National disability charity United Response is launching its 2015 accessible voting campaign, Every Vote Counts, during a reception at the House of Commons today, sponsored by Dame Anne Begg MP.

United Response’s Every Vote Count campaign aims to increase political awareness, active citizenship and legal entitlement to voting amongst people with learning disabilities and those who support them, in the run up to the General Election, by making politics and voting easier to understand. 

By choosing to launch the campaign in the House of Commons, United Response is directly targeting MPs.  There are 1.5 million constituents in the UK who have a learning disability, the majority of whom have never voted.  

Broadcaster and United Response’s President Martyn Lewis CBE will host the proceedings and welcome speakers including sponsor Dame Anne Begg MP, Rt. Hon. Paul Burstow MP, Kate Green MP and Deputy Speaker Eleanor Laing MP.  Each speaker will take the opportunity to explain their views on the importance of political participation amongst people with learning disabilities. All those attending the reception will also have the opportunity to hear directly from two people with learning disabilities; Ian Coley who is supported by United Response and Jermaine Williams who works as a UR Consultant. They will be speaking about why voting is important to them during a question and answer session invigilated Martyn Lewis CBE.

Both Ian and Jermaine explain here in a short video why the Every Vote Counts campaign is important to them.

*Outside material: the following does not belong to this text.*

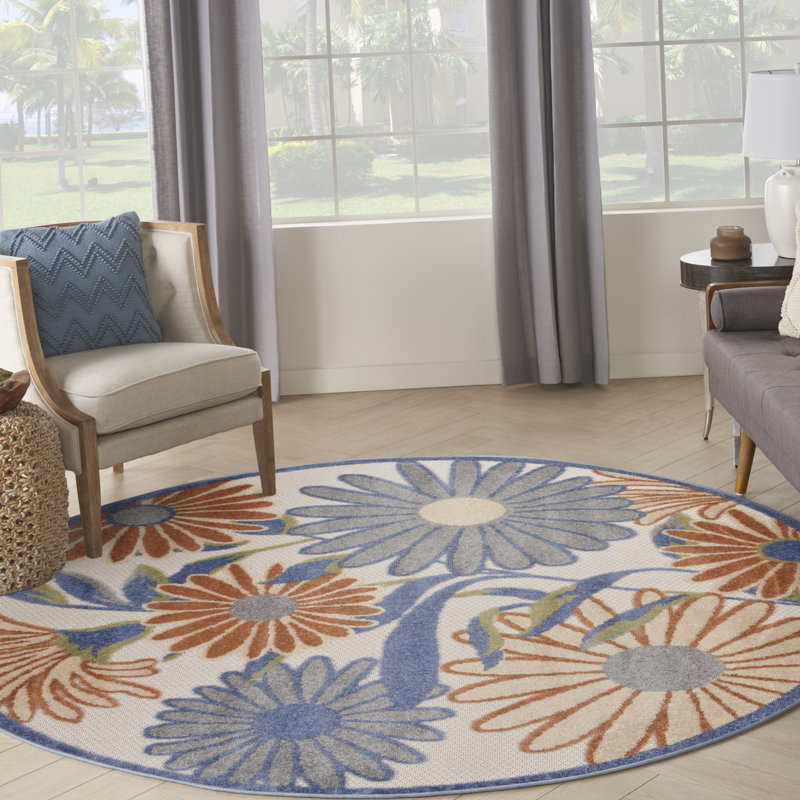 Tapis intérieur / extérieur beige Isalia, Rond 4 pi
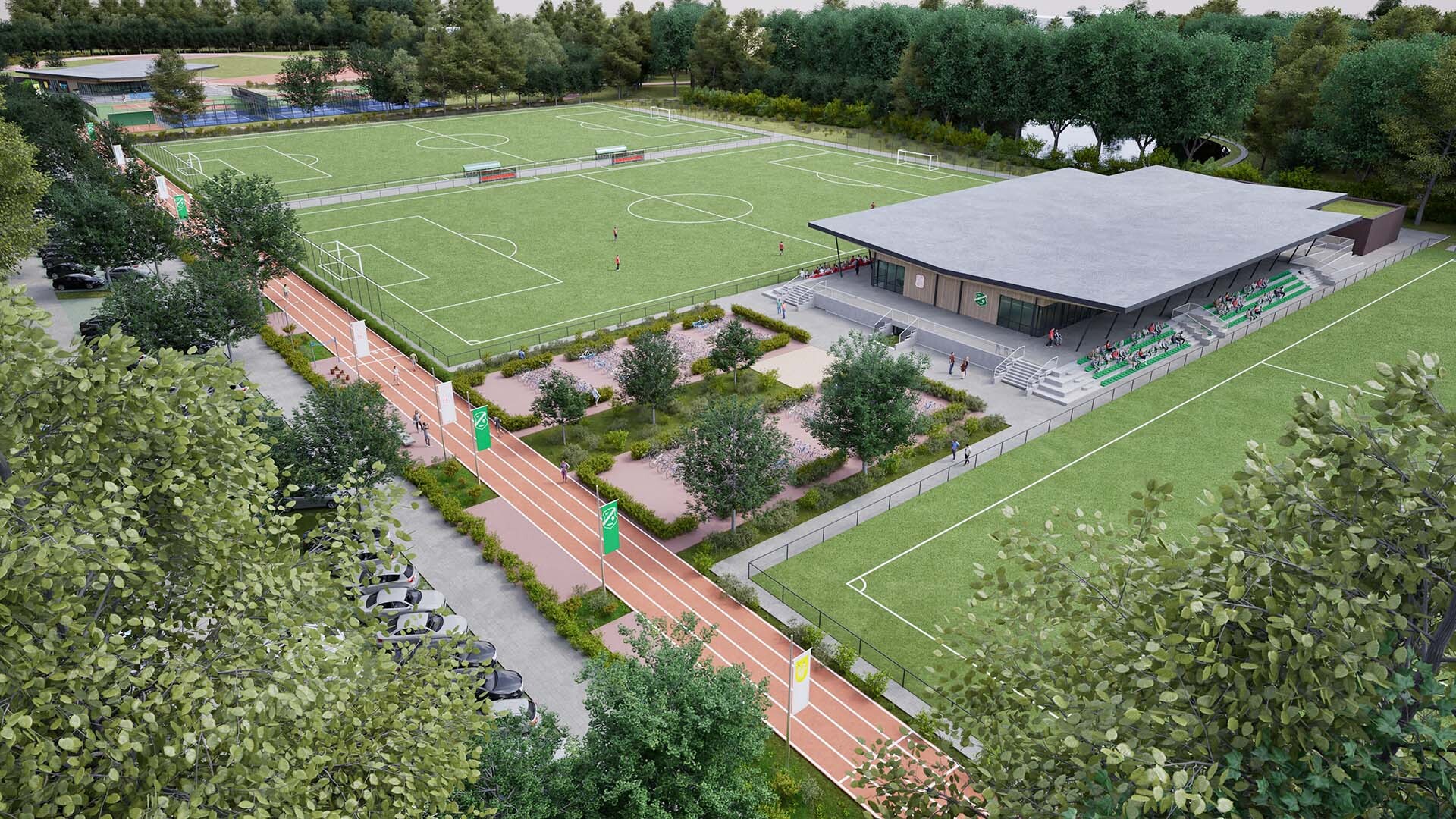 Voetbalvelden en clubhuis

In the video Jermaine explains why accessible easy read resources, which use simple sentences and helpful images, make things easier for him to understand:

“I think easy read will help people to vote.  I read the easy read magazine and it makes it easier for me.  I am understanding the news better.  It will help other people like me start to understand the government more.”

Ian said: “Just talk to people, you can actually explain to them what politics is all about.”

Research carried out in 2007 by United Response amongst the people it supports showed that, despite people with learning disabilities having the same right to vote as everyone else, only 1 in 8 voted in the 2005 General Election.  Through successful campaigning by United Response and other learning disabilities organisations, this increased to 1 in 3 at the 2010 election, but this was still far below the turnout of the general population. 

A recent survey of people with learning disabilities who subscribe to United Response’s award winning accessible news magazine, Easy News, found that 58% of subscribers felt that politics made a difference to their lives.  However, the single most important question asked was, “Are you planning to vote in the 2015 elections?”  A huge 82% of Easy News subscribers said yes they are planning to vote, with a further 14% still unsure. 

The survey also indicated that nearly a third of the respondents want access to easy to understand information about the candidates and their political parties, highlighting a lack of accessible information as a key barrier facing people with learning disabilities when using their vote.

Every Vote Counts starts the process of removing that barrier; United Response has taken over 40 years’ experience of supporting people with disabilities and produced a brand new set of easy read resources and accompanying website that make politics and voting easy to understand, as well as explaining how politics affects all our daily lives.

Take a look at the Every Vote Counts website

The new Every Vote Counts website also has a dedicated section which explains how MPs and their parties can make information accessible to constituents with learning disabilities.

Shan Nicholas, United Response Interim Chief Executive, said ahead of the launch,

“By launching our Every Vote Counts campaign in the heart of Westminster, we are starting the process of ensuring that, not only the people we support but the wider population of 1.5 million people with learning disabilities, achieve voting parity in the forthcoming General Election.  We know that people with learning disabilities want to vote; by providing easy ready materials MPs can ensure that they really do engage with this important, but too often neglected, group of constituents.”

“United Response calls upon all political parties to remove the barriers for people with learning disabilities to engage in the debate by producing accessible manifestos and candidate profiles."